In response to my post on the Voting Rights Act one of my boys asked me (rhetorically) why black people don’t vote…or at the very least why we have to have voting drives to get people to even think about voting.

The following abstract might help. I had a post relating to it in the last iteration of the blog but I didn’t port it over. Martin Gilens is not only one of the best political scientists in the business, but he also has the right politics. He published a piece entitled Inequality and Democratic Responsiveness in a 2005 edition of Public Opinion Quarterly.

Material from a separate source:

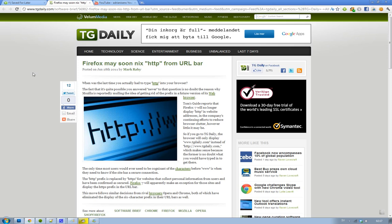no one uses it. How often do you type in HTTP colon forward slash forward slash when you go to a website? I don't even type in www because most of the times you don't have to but, it seems like they're going to do the same thing that Google Chrome and Opera is doing and removing it.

The abstract:

By allowing voters to choose among candidates with competing policy orientations and by providing incentives for incumbents to shape policy in the direction the public desires, elections are thought to provide the foundation that links government policy to the preferences of the governed. In this article I examine the extent to which the preference/policy link is biased toward the preferences of high-income Americans. Using an original data set of almost two thousand survey questions on proposed policy changes between 1981 and 2002, I find a moderately strong relationship between what the public wants and what the government does, albeit with a strong bias toward the status quo. But I also find that when Americans with different income levels differ in their policy preferences, actual policy outcomes strongly reflect the preferences of the most affluent but bear virtually no relationship to the preferences of poor or middle-income Americans. The vast discrepancy I find in government responsiveness to citizens with different incomes stands in stark contrast to the ideal of political equality that Americans hold dear. Although perfect political equality is an unrealistic goal, representational biases of this magnitude call into question the very democratic character of our society.

A majority of people (black, white, latino, asian, native american, etc.) don’t vote because they understand this and do not believe that voting will help solve this problem. I think they’re wrong…but not all that far off.